Microsoft has announced that it will write down its Nokia acquisition and cut 7,800 jobs, primarily in the phone business

Microsoft is to cut 7,800 further jobs from its Nokia mobile phone unit, in a move some analysts say demonstrates the company's difficulty adapting to the fast-changing handset business

Microsoft is to continue making aggressive cuts to its Nokia mobile phone unit, this time by axing a further 7,800 jobs and effectively reinventing the business. The cuts follow the company’s decision last year to shed 18,000 jobs, and falls in step with Microsoft’s wider attempts to restructure the phone hardware business to better focus and align resources.

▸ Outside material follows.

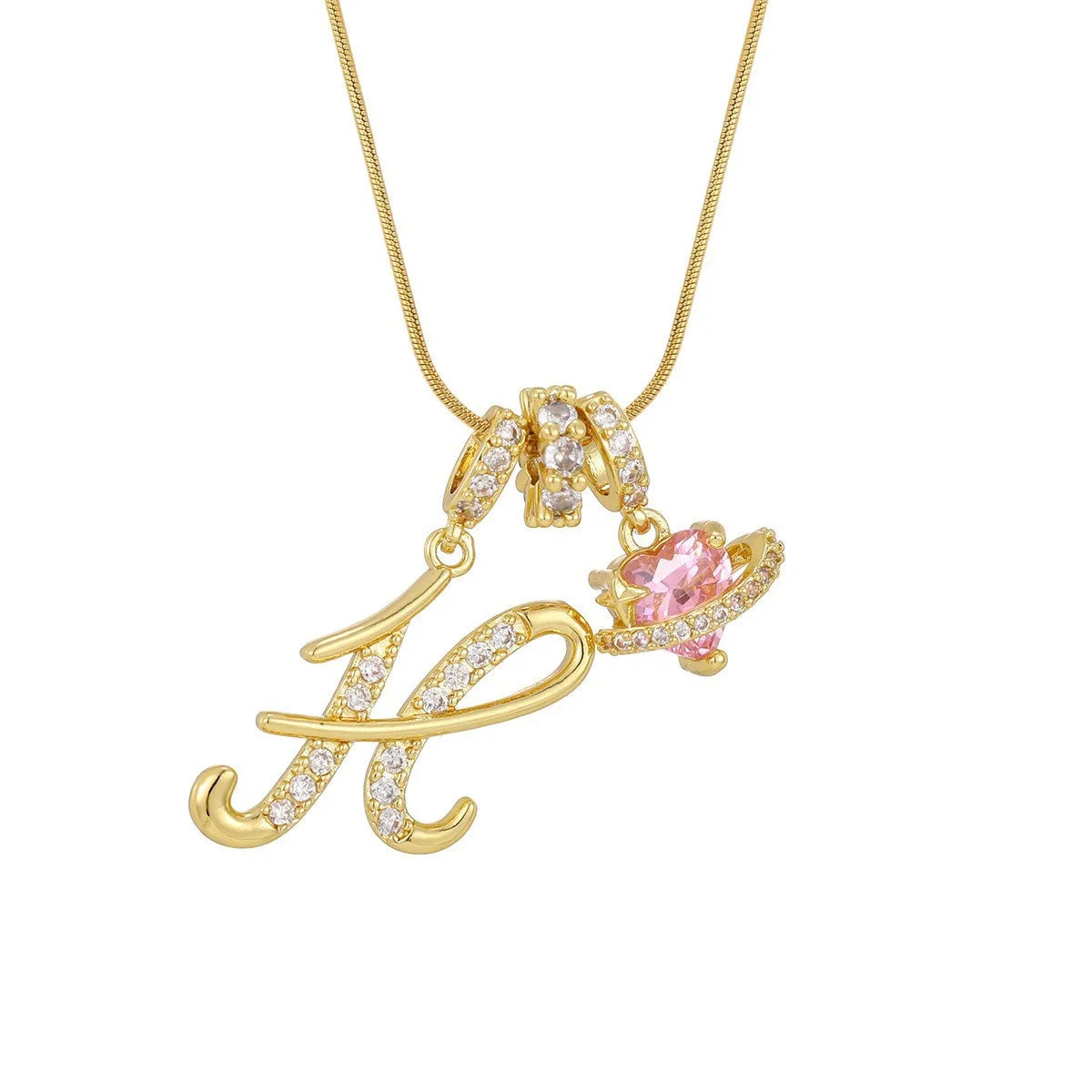 Gold letter K pendant necklace with pink gemstone accent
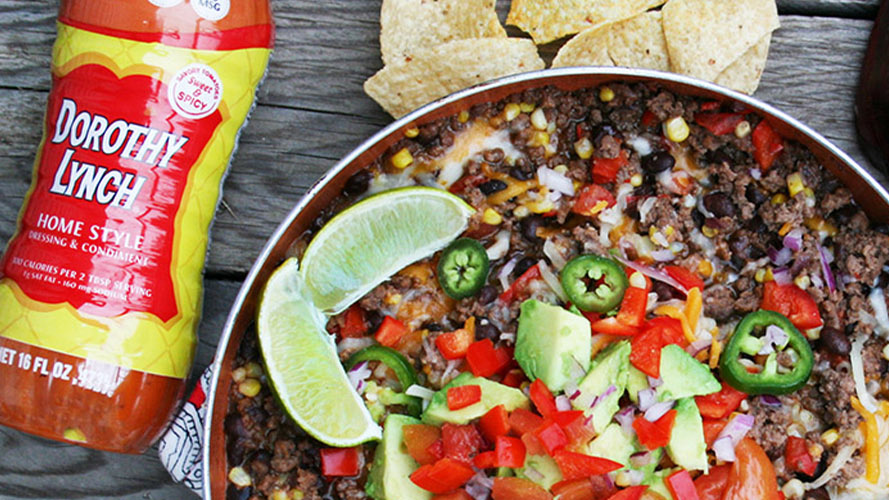 Mexican Ground Beef Skillet in a pan with tortilla chips, limes, and a Bottle of Dorothy Lynch in frame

Alongside the job cuts, Microsoft is writing down approximately 80 percent of the Nokia deal

“We are moving from a strategy to grow a standalone phone business to a strategy to grow and create a vibrant Windows ecosystem including our first-party device family,” said Satya Nadella in an email to Microsoft employees. “In the near-term, we’ll run a more effective and focused phone portfolio while retaining capability for long-term reinvention in mobility.”

The announcement follows another in June in which the company said it would part with the former Nokia chief executive Stephen Elop, who joined Microsoft as part of the acquisition.

After struggling for years to gain traction in the mobile market, Microsoft’s latest move is proof that the company has yet to get to grips with the fast-changing handset business. Alongside the job cuts, Microsoft is writing down approximately 80 percent of the Nokia deal, for which it parted with $9.4bn last year, taking an impairment charge of $7.6bn and a restructuring charge of $750m to $850m. Each of the proposed actions is to be completed before the end of the company’s fiscal year, that’s according to a company statement.

“I am committed to our first-party devices including phones. However, we need to focus our phone efforts in the near term while driving reinvention,” said Nadella, who is currently tasked with capturing a greater share of the market and driving developments in the mobile computing domain.